Posted by Charley Parker at 10:00 am

Stephen Rothwell - Dark House Quarter
In 1934 Max Ernst published a Une Semaine de Bonté (A Week of Kindness), a Surrealist novel in collage. Ernst created his work, which I think is one of the earliest works that could be called a “graphic novel”, by painstakingly cutting out images from engraved catalog and periodical illustrations and arranging them in fascinating, sometimes jarring scenes that reel out into a dreamlike, subconscious narrative.

Modern computer technology makes the process of image based or photo-collage considerably simpler (as I can attest from my forays into X-acto knife and rubber cement collage as a teenager), but creating good, effective collage is still a challenge to the creative eye and imagination. (See my post on the remarkable photo-collages of Emily Allchurch).

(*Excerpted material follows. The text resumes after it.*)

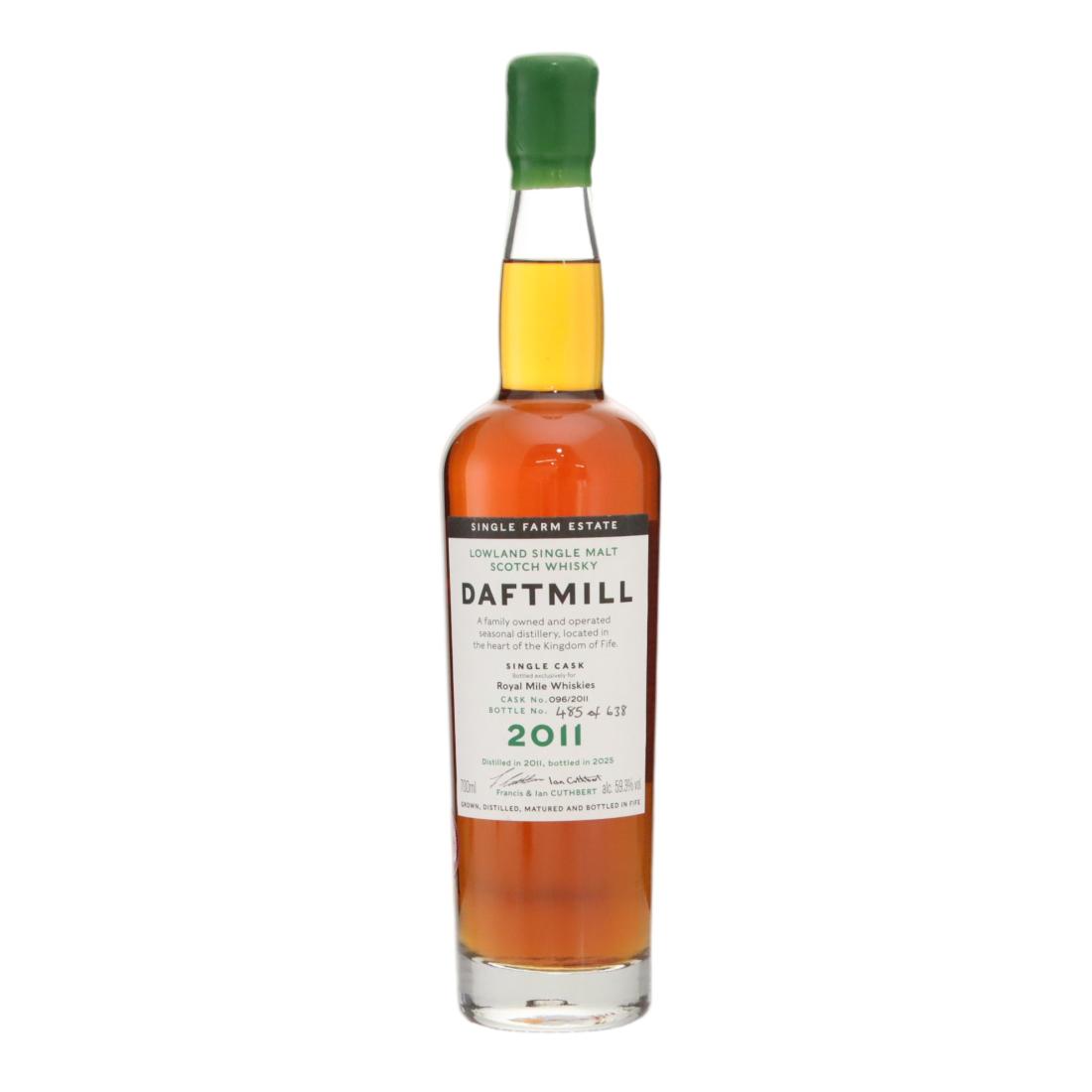 Daftmill 2011 Single Cask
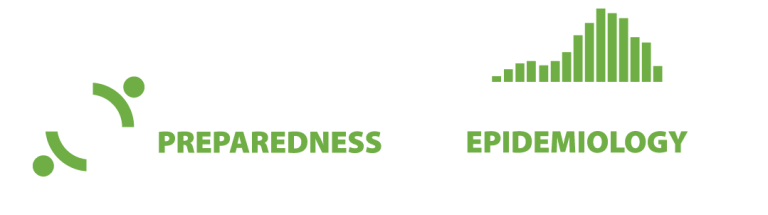 Logo for 2022 Virginia Public Health Preparedness Summit & Virginia Epidemiology Seminar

Stephen Rothwell, about whom I can find little other information on the web, has created a modern collage story in a similar spirit to Ernst called Dark House Quarter. Rothwell draws on archival photographs rather then engravings, but with a similar tone of staid images from former years rendered asunder by their dream state juxtapositions.

Rothwell, like Ernst, matches his source imagery in a way that produces pictures that feel consistent and whole within themselves. Rothwell’s compostions are sometimes in sepia tones and sometimes in color that has been added to black and white images.

Also like his Surrealist predecessors, Rothwell intends for his images to provoke and disturb, but I never get the feeling he’s going for the cheap shock value present in some of the lowbrow art and so-called “Pop Surrealism” that is currently popular.

The narrative, such as it is, is more subconscious than overt. Apparently something bad has happened, or is happening, perhaps war. The images, though, are fascinating, each one a tableaux of disparate components that fit together with emotive effect.

[Link via BoingBoing]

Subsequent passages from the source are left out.